### [WHAT THIS TASK INVOLVES]
Would you output the listing exactly, with every image omitted?

### [SOURCE MATERIAL]

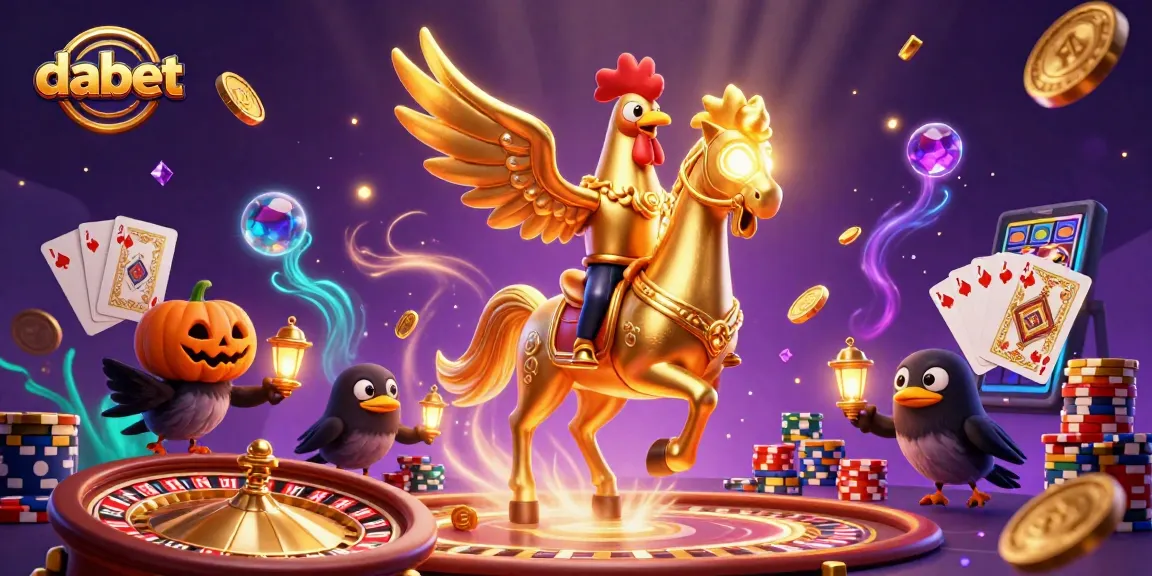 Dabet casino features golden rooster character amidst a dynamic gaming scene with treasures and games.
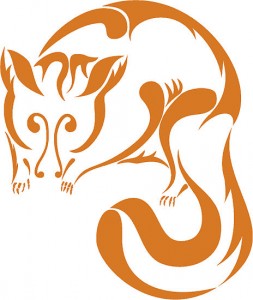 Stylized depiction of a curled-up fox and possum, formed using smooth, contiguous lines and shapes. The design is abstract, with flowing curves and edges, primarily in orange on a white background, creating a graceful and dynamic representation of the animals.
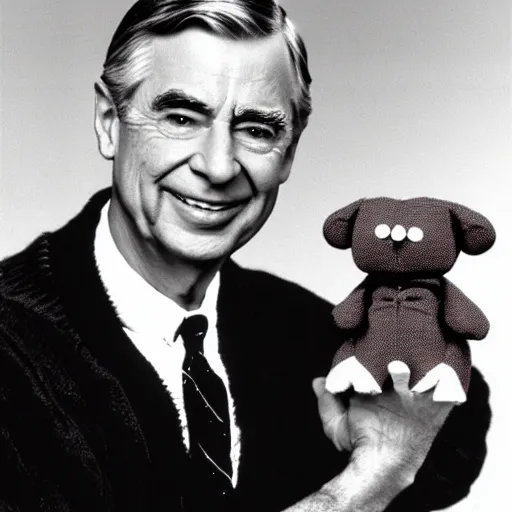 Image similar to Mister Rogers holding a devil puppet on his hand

### [TASK SOLUTION]
 Dabet casino features golden rooster character amidst a dynamic gaming scene with treasures and games.
 Stylized depiction of a curled-up fox and possum, formed using smooth, contiguous lines and shapes. The design is abstract, with flowing curves and edges, primarily in orange on a white background, creating a graceful and dynamic representation of the animals.
 Image similar to Mister Rogers holding a devil puppet on his hand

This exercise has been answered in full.